December 20, 2005

Behe, Dembski, ID get a royal smackdown

Judge says Behe doesn’t even understand his own theory

How could Judge John Jones say such a thing (page 46, footnote 7)?

“Outright lies under oath”? How could the good Christian creationist Intelligent Design former Dover, Pa., board members do such a thing?

Oh, let’s count the ways:
1. Ideological jealousy
2. Fundamentalist fervor, or, if you will, a crusading mentality
3. A quasi-theocratic mindset
4. Lack of education themselves
5. Willful ignorance of what their own educations and the world around have availed them
6. A planned pattern of deception for the half-decade since the Discovery Institute pulled the “wedge strategy” from its website.

I’m sure you could list more.

As other bloggers have noted, this is a slam-dunk victory for proper science education in public schools and a crushing defeat for IDers. Plus, since the Edward decision, as Judge Jones noted, nationalized Supreme Court rulings on scientific creationism, if his ruling stands, it will do the same nationally for ID.

And, by pointing out the family antecedents of ID in scientific creationism, from IDers’ own paper trail, Jones has also established precedent against what’s next up IDers sleeves. As part of that, Jones’ long memorandum carefully notes the political and social activity of the old Dover school board as part of its deception.

Jones carefully points out how the old Dover board and its IDer backers deliberately distorted the scientific use of the word “theory,” how the book Pandas changed “creationism” to “ID” right after the Edwards decision and more.

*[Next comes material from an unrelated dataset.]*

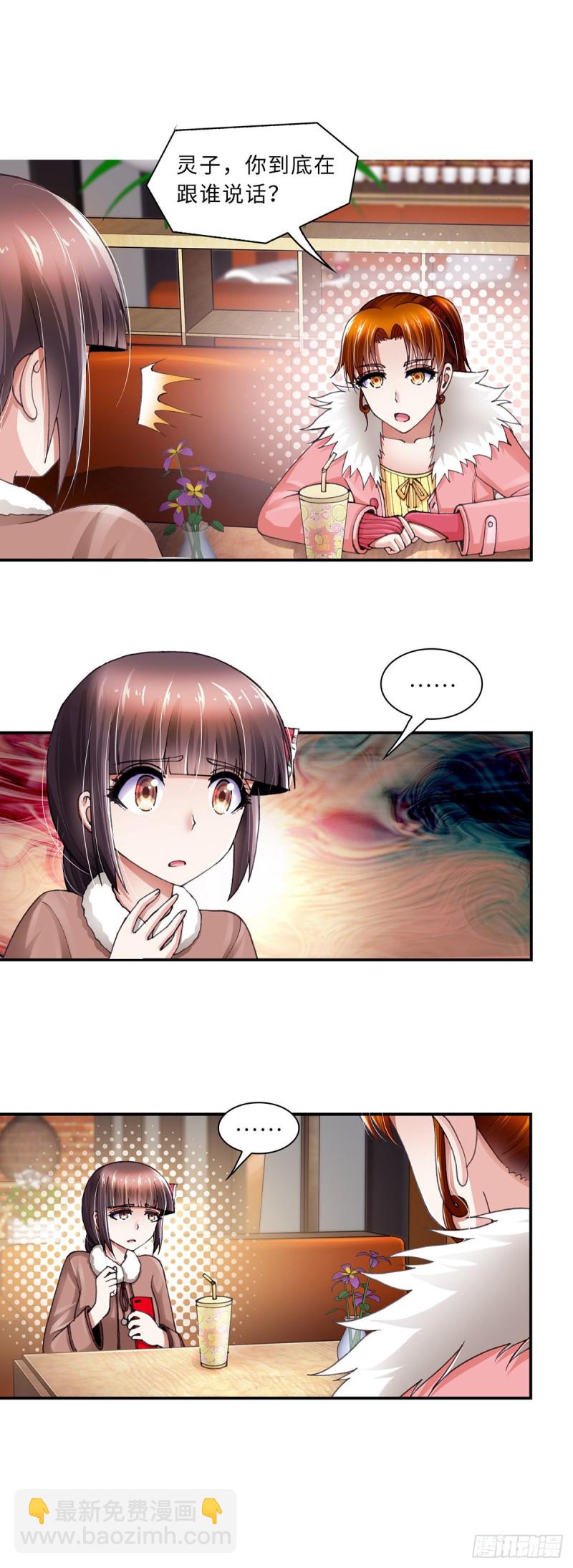 暗行鬼道 - 172 - 2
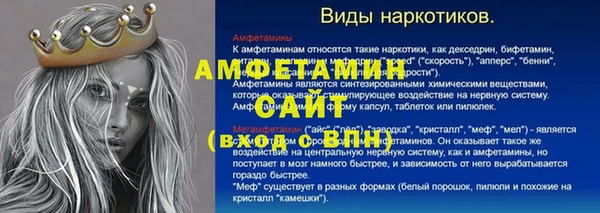 spice Верхнеуральск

He also notes how IDers science claims don’t stack up, either. (All quotes below are referenced by page number in the PDF.)
We find that ID fails on three different levels, any one of which is sufficient to preclude a determination that ID is science. They are: (1) ID violates the centuries-old ground rules of science by invoking and permitting supernatural causation; (2) the argument of irreducible complexity, central to ID, employs the same flawed and illogical contrived dualism that doomed creation science in the 1980's; and (3) ID’s negative attacks on evolution have been refuted by the scientific community. (64) …

It is notable that defense experts’ own mission, which mirrors that of the
IDM itself, is to change the ground rules of science to allow supernatural causation of the natural world, which the Supreme Court in Edwards and the court in McLean correctly recognized as an inherently religious concept. (67)

It doesn’t get much more emphatic than that.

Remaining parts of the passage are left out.